I was talking to Hambone about something unrelated and he made a remark which would probably sound shocking to the uninitiated or the uncynical. Hambone and I went to undergrad together and become acquainted due to being in many of the same classes together. We then briefly worked at the same auditing firm together, before parting professional ways. So for context, both Hambone and I are accountants.
“As accountants, we should know that the numbers are all [garbage] anyway. It’s all grift.”
Be very cautious if you take up this line of thought. Many people wield it imprecisely–you might be tempted to think that “Corporations make up numbers”, which they do not. That’s the great thing about accounting: None of the numbers are made up. The numbers are all accurate inputs into an algorithm that churns out results that match expectations. The Accounting Algorithm can only do so much, it cannot make a bad company look profitable, but it can exaggerate mediocre times or mask exceptional times. Corporations do this for a variety of reasons. Auditors exist to make sure that the Accounting Algorithm doesn’t produce results that are too dramatically different from the real inputs, and in many cases are just looking to make sure that this year doesn’t look too different from last year. When times are good, this process works great. When times are bad, they tend to be REALLY bad, and take auditing firms down with them.
The headline that stirred up this line of thought in me was this one, from my Ukraine War source: “World Bank Warns of Global Recession“ caused by the war in Ukraine.
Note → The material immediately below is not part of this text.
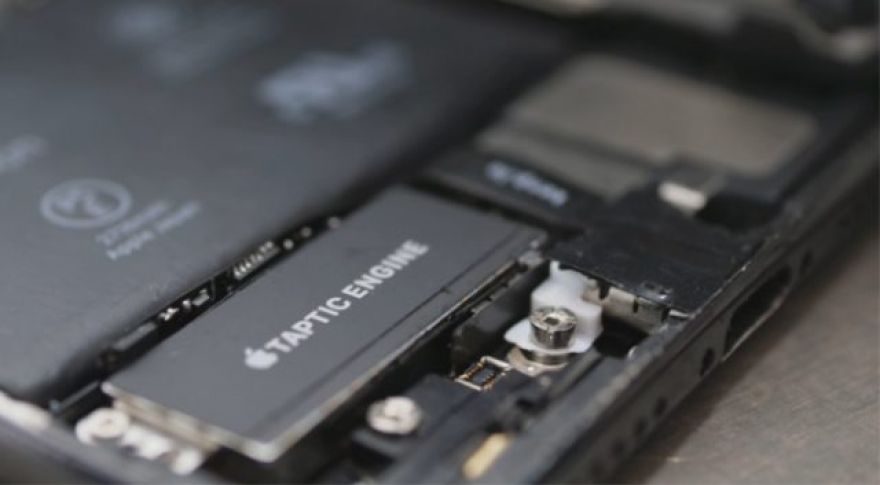 Modder Open Sources iPhone USB-C Mod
There is an illegal accounting technique–a technique that has been forbidden from Accounting Algorithms–called the Big Bath. The Big Bath is when a firm takes all of their losses all at once, so that the rest of the year looks good by comparison. “Man, there was a hurricane so Q3 Earnings were terrible, but look, Q4 showed huge growth year-over-year!”
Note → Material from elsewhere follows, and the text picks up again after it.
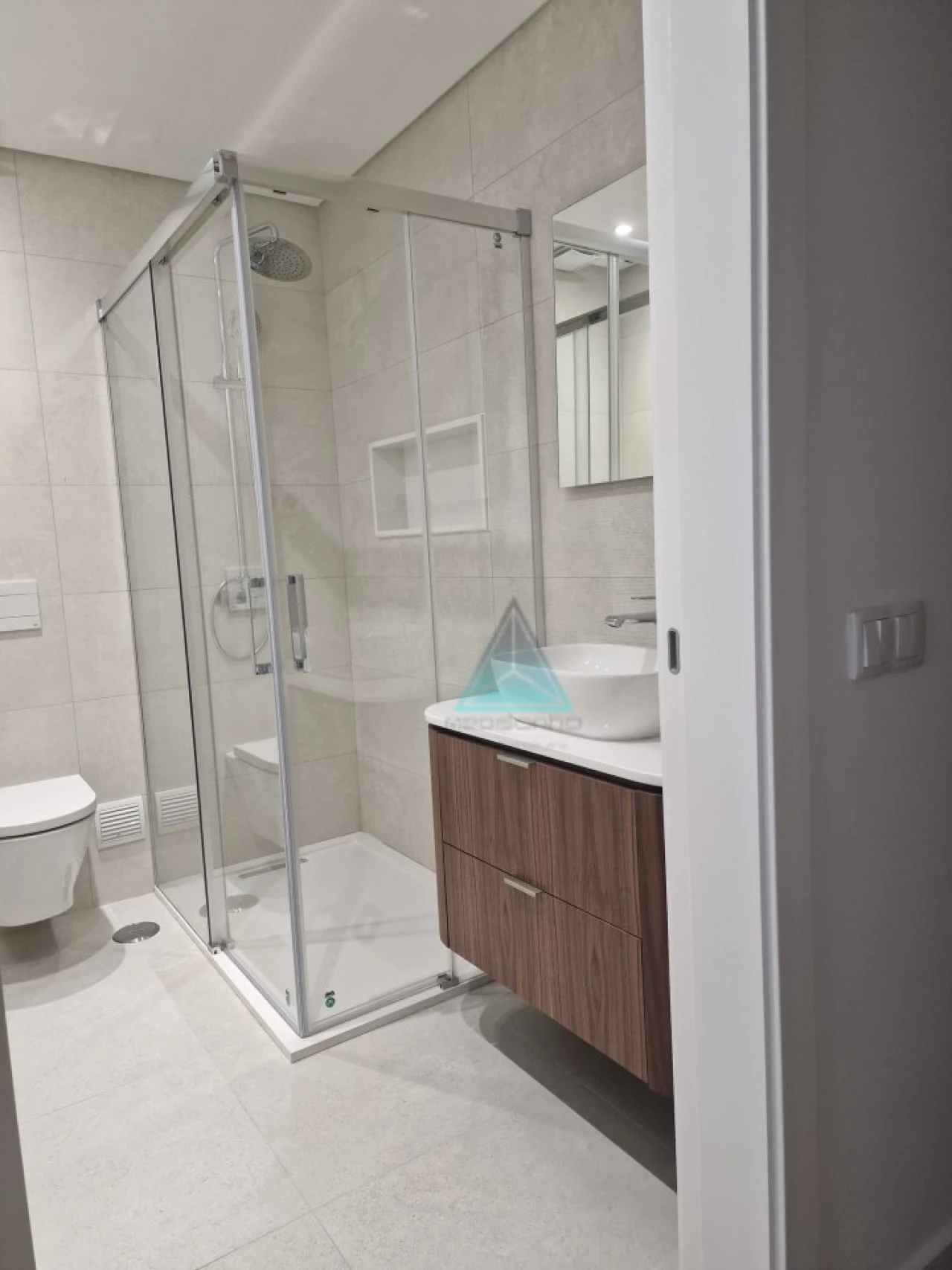 Apartamento T5 para Venda em Laranjeiro e Feijó Foto 5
There are signs that corporations are already contemplating this. I saw a headline somewhere that said a certain company was forecasting low earnings for Q1 reporting since the war in Ukraine began in February. Other tech firms have been committing layoffs. The sanctions have disconnected Russia from the global economic order and many corporations are terminating their operations there.
There is a discrete and definite impact of all of this on the individual firms and on the economy writ large. But if everyone starts reaching for the excuse “But the War in Russia!” then a Global Recession becomes more than just likely, but becomes certain.
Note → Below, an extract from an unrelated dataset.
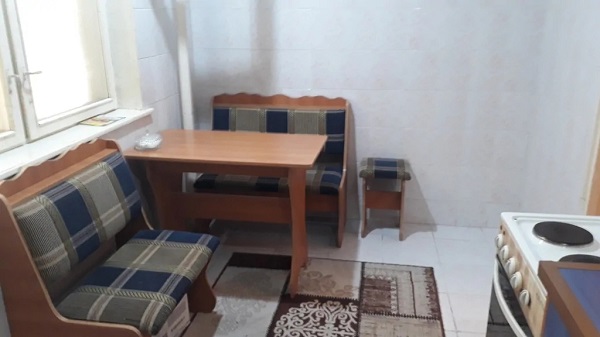 Xətai metrosunun yanında , mənzilə 1 bəy otaq yoldaşı axtarılır.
This applies to more than just corporations too, it’s important to note. Governments control the levers of their economies. Debt and taxation have risen to terrible and drastic heights, and being able to take a “Big Bath” in the form of an economic collapse–and being able to blame it on Russia— probably looks like an appealing prospect.
Down that road leads war, unless some other path is taken. A global scale economic collapse with Russia as the scapegoat would create cultural animosity that can’t help but explode. I pray this is not the outcome, but it is hard for me to claim that it is something our politicians would not do even with full knowledge of the consequences of their actions.
The good news is that if we do undertake a global economic reset, there will be no bailouts because there will be no global economic system to rescue anyone. We will be forced to have an economy based on productivity and value, at least for a while–and only the productive and valuable will keep the economic dynamo running. It will be a healthy thing to drain the bad economic humors. We just have to make sure that what replaces it isn’t the same thing we had before.